Bob shrugs. "I didn't know. I thought maybe Mike had stolen something from one of Emily's friends. I thought she'd found out he was involved in drugs. I thought...well, I thought that maybe the wreck of the minivan was because of a hit and run accident, that maybe they'd killed someone out in the middle of nowhere and were cracking up because of it."
"Did you think that was likely?" the interviewer asks.
"No," Bob admits, "but I knew it was serious. And even now, it sounds like a likelier explanation than what really happened."
Mike again. "I knew dad had reached his breaking point. I don't even think it was mom breaking down that did it, I think it was the hallway. For some reason that really got under his skin. I came downstairs for breakfast and he lit right into me, yelling at me about the night before and the hallway -- which, I want to point out, I had nothing to do with -- and wanting to know what was going on. No way I was gonna tell him that, so I told him I'd finish the hallway. I thought that would calm him down, but he just kept going at me for another few minutes before he went upstairs to check on mom."
We then see a photograph of a pretty girl who generally resembles Bob, except with Emily's blonde mane, which she wears pulled back into a ponytail.

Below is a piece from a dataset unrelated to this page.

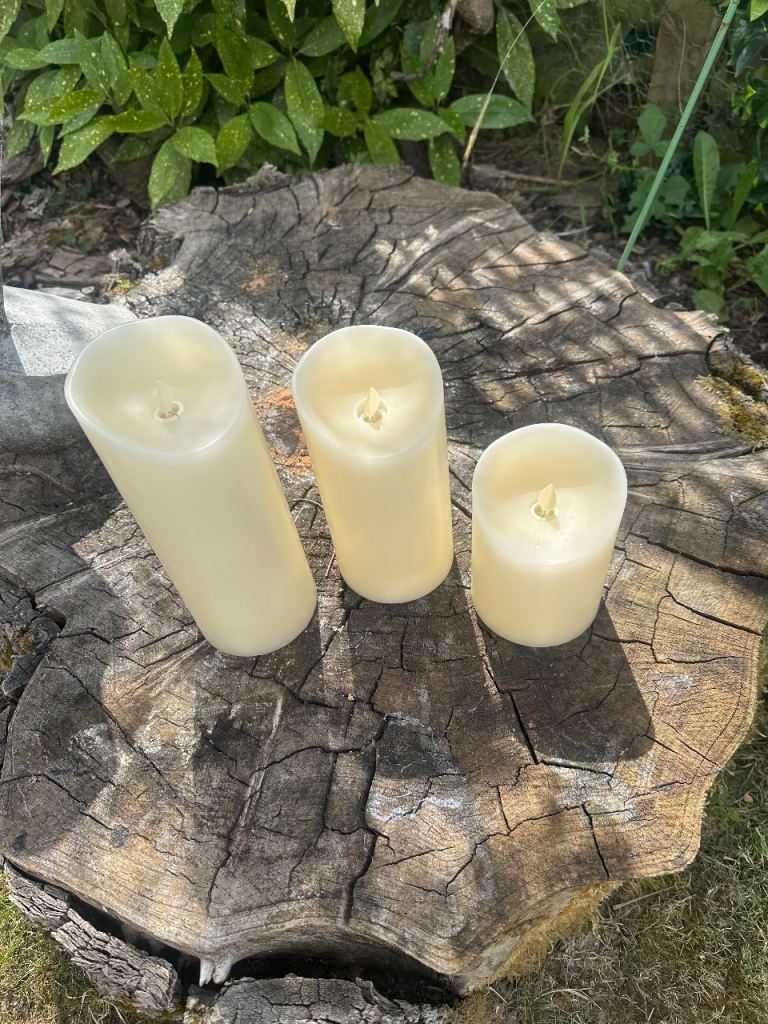 Three Pillar flickering candles on timer.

She is wearing a highschool cheerleader's uniform. Her name is given as
Olivia Larsen.
After a few seconds, the still image is replaced by grainy footage of a women's lacrosse game between Boston College and Harvard. A single Boston College player is circled and then zoomed in upon, with the footage getting correspondingly grainier. We see the text, "
Four days before the filming of this episode, Olivia Larsen sustained an injury during a game of lacrosse."
Moments after this text appears, we see Olivia turn her head to look back as she's running, which unfortunately causes her to miss the fact that a Harvard player has leaped in front of her. Olivia takes the other player's knee directly to the middle of her face, which we see as the film freezes for a moment.
We then see Olivia. Her nose is bandaged and her eyes are blackened. She has changed her hair color since her high school days, opting for a candy apple red, which hangs in dramatic, loose strands below shoulder length. The overall effect is somewhat reminiscent of a raccoon which has been set on fire, but she doesn't appear daunted or ashamed by the injury she bears; in fact, her bearing is one of cocky, tough-girl pride.
When she speak, her voice is rather nasal due to her nose injury. "I wasn't as pissed off as dad was by the weirdness between mom and Mike, but then I was pretty self-absorbed back then. But I definitely noticed it. I mean, how could I not? I was at the breakfast table when dad unloaded on Mike that day, and I was like, 'Damn dad, chill, it's not like Mike killed anybody.'"
"Did you say that?" asks the interviewer.
Olivia chuckles. "No! I wasn't going to stick my neck out for Mike then, especially when I didn't know what was going on. But I did think that maybe I should try to find out what the deal was so we could get everything all settled down."